In Private Lives, Public History, historian Anna Clark explores how our personal pasts intersect with broader historical questions. Drawing on interviews with Australians from five communities around the country, she uncovers how we think about the past in the context of our local and intimate stories, and the role that history plays in our lives. (blurb)
The chapter headings in this slim book are Thinking About History, Connection, History, Commemoration, Contest, Place, Presence of the Past. The book builds on the author’s earlier Teaching the Nation (2006) and History’s Children (2008). See also her lecture on historical consciousness from 2014 which is about the research that went into Private Lives, Public History. More recently, there is her 2016 lecture to the History Council of Victoria on place and historical consciousness in Australia. Anna Clark is one of Honest History’s distinguished supporters.

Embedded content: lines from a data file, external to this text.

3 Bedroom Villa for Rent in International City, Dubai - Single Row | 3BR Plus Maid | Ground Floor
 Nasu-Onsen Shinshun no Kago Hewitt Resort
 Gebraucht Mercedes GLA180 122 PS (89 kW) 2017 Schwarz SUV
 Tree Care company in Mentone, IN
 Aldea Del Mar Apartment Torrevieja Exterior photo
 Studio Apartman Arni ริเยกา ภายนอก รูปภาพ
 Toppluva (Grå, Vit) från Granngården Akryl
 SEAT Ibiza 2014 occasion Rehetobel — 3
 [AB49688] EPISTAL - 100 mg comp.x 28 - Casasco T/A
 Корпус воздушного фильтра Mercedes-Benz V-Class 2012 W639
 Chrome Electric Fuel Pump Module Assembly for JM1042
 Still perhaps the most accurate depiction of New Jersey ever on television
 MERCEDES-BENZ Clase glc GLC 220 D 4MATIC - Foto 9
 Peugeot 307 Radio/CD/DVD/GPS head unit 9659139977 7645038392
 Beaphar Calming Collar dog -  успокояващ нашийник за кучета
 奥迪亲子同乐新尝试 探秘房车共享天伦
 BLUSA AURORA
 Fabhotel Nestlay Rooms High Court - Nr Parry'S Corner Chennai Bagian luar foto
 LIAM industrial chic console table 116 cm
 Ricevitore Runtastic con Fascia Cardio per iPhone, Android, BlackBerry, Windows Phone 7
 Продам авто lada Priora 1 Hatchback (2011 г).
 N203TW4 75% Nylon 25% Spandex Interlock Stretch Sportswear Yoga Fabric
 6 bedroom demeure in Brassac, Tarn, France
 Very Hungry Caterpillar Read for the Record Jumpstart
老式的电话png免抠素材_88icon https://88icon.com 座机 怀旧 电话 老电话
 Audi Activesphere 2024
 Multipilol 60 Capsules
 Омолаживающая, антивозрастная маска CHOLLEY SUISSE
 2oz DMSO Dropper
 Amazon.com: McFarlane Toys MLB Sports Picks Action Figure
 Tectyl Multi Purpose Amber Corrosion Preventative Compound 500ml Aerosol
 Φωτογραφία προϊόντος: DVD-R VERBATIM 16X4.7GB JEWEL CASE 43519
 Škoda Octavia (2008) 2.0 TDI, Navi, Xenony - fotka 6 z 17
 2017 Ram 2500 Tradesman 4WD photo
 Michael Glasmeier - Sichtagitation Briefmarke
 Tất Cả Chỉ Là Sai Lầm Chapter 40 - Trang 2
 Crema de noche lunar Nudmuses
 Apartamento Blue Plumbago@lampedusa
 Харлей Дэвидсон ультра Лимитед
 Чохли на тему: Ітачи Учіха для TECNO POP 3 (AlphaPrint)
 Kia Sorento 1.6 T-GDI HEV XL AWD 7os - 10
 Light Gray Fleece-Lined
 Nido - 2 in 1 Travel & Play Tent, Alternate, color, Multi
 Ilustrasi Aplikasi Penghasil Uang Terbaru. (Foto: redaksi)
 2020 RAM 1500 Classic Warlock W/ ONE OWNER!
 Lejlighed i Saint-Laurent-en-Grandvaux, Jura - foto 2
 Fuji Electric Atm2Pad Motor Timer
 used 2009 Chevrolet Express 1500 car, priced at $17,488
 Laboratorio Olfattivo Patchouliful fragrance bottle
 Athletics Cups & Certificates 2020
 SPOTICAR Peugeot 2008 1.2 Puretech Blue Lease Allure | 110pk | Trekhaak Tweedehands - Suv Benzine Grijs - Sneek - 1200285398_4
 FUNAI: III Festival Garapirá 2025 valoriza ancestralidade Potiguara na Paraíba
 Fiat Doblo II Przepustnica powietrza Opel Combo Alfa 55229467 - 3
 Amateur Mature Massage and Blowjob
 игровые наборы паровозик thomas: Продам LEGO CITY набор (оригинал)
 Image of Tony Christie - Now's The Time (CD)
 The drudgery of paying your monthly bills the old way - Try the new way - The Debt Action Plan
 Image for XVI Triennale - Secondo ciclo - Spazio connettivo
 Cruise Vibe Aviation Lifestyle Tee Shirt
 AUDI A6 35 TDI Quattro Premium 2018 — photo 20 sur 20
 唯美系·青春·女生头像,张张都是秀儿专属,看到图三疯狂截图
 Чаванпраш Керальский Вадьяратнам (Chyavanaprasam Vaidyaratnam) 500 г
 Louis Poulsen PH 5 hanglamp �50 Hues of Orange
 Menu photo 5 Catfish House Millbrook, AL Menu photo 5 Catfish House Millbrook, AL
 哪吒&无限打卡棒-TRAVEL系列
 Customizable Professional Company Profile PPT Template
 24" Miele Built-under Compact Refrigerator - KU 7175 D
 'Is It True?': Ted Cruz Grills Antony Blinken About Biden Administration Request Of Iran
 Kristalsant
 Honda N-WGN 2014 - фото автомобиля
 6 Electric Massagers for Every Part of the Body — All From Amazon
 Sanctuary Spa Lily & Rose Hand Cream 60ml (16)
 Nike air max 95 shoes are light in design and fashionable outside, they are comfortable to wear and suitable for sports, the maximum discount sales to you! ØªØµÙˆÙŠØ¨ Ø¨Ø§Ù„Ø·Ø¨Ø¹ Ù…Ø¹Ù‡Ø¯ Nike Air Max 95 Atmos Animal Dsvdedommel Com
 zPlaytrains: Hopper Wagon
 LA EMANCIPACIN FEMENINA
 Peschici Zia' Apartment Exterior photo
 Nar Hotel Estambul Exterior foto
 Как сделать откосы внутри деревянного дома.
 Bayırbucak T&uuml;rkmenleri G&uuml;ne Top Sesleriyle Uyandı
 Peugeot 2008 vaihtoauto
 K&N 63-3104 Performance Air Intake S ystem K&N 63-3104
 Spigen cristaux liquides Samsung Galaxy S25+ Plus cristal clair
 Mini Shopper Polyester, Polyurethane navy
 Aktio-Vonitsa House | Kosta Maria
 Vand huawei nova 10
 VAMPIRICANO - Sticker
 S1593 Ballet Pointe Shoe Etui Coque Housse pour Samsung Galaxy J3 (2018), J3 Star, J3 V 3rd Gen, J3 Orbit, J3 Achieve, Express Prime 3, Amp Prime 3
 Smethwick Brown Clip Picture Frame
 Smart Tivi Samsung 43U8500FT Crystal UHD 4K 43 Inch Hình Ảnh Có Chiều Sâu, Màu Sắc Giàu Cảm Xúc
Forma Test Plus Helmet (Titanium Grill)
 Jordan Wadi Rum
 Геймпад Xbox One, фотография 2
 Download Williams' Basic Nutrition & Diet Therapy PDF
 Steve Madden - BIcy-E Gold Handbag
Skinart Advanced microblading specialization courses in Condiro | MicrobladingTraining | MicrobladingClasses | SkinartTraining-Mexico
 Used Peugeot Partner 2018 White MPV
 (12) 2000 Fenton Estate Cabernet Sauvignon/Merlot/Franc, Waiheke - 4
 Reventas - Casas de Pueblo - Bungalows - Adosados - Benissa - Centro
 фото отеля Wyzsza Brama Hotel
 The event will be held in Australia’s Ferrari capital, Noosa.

The book was reviewed for Inside Story by Honest History committee member, Carolyn Holbrook, who also discussed the book in a recent speech for the Professional Historians Association (Victoria). Miriam Cosic reviewed the book for The Australian, Phillip Deery reviewed it for Fairfax, FL reviewed it for The Saturday Paper, and the author talked about it with Ellen Fanning on the ABC. The Age had an extract.